Motor activity fluctuations in both humans and rodents display robust fractal temporal structures [2], [8], which require a network of feedback interactions among control nodes operating at different time scales [22], [23]. We previously found that the SCN plays an essential role in normal fractal control of motor activity at time scales from minutes up to 24 hours [8]. In this study we found that the neural activity of the SCN itself displays fractal fluctuations over a range of time scales from ∼0.02 up to 10 hours. These fractal patterns were almost identical between mice and rats. Moreover, the fractal SCN activity persisted when the light-induced afferent input to the SCN was eliminated during constant dark conditions. These findings indicate the existence of long-range fractal regulation in SCN neural activity. However, the patterns completely broke down when the SCN was isolated from the body even though the in vitro SCN continued to exhibit circadian oscillations in mean levels of MUA. Thus, it appears that fractal patterns at time scales >0.02 hours emerge from the interplay between the SCN and extra-SCN areas.

Physiological significances of fractal patterns

Many physiological processes and neural dynamics exhibit fractal regulation generating complex fluctuations that display similar, strong correlations across a wide range of time scales [4], [24]. Based on theoretical models in physics, it has been hypothesized that fractal correlations indicate the existence of a system at, or near, a “critical state” [23]. Theoretically, a system under such a critical state, perched between different stable states, is optimally prepared to respond to intrinsic/extrinsic influences by orchestrating subunits within the system in a coherent manner.

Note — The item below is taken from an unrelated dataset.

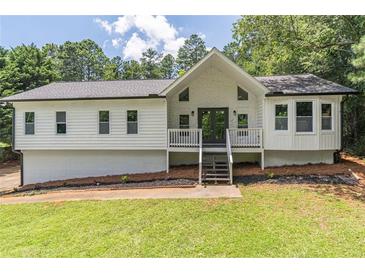 Charming renovated home with a gabled roof, front porch and manicured front lawn at 243 Hickory Way, Canton, GA 30115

This hypothesis is appealing because it bestows upon the fractal phenomenon a physiological meaning related to system integrity and adaptability. Numerous studies support this hypothesis, showing, for instance, that complexity and fractal patterns of physiological fluctuations: (i) are reduced with diseases and aging [1], [5]; (ii) are correlated with adaptability under challenging conditions [25]; and (iii) can predict treatment outcome of patients with ventricular fibrillation [26] and can predict mortality of patients after stroke [6]. Thus, it is tempting to infer that the robust fractal pattern in the in vivo SCN neural activity and the complete breakdown of this pattern in the in vitro SCN reflect a vital, multiscale control function of the SCN in the intact organism.

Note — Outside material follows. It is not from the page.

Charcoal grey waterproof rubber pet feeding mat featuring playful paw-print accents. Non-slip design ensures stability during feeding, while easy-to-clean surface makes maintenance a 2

Complex SCN neural interactions

Despite clear evidence of its importance to biology, fractal control in physiological systems still defies understanding based on traditional mechanistic models. Mathematical models predict that fractal fluctuations require an integrated network of multiple control nodes with feedback interactions [27]. However, there have been few studies attempting to identify neural circuitry (neural nodes and pathways) for fractal physiological regulation. Currently, the SCN is the only neural node that has been shown to impact fractal regulation in physiological functions [8] [28]. Thus, a natural choice for the exploration of the fractal control network is to investigate the SCN-related neural interactions.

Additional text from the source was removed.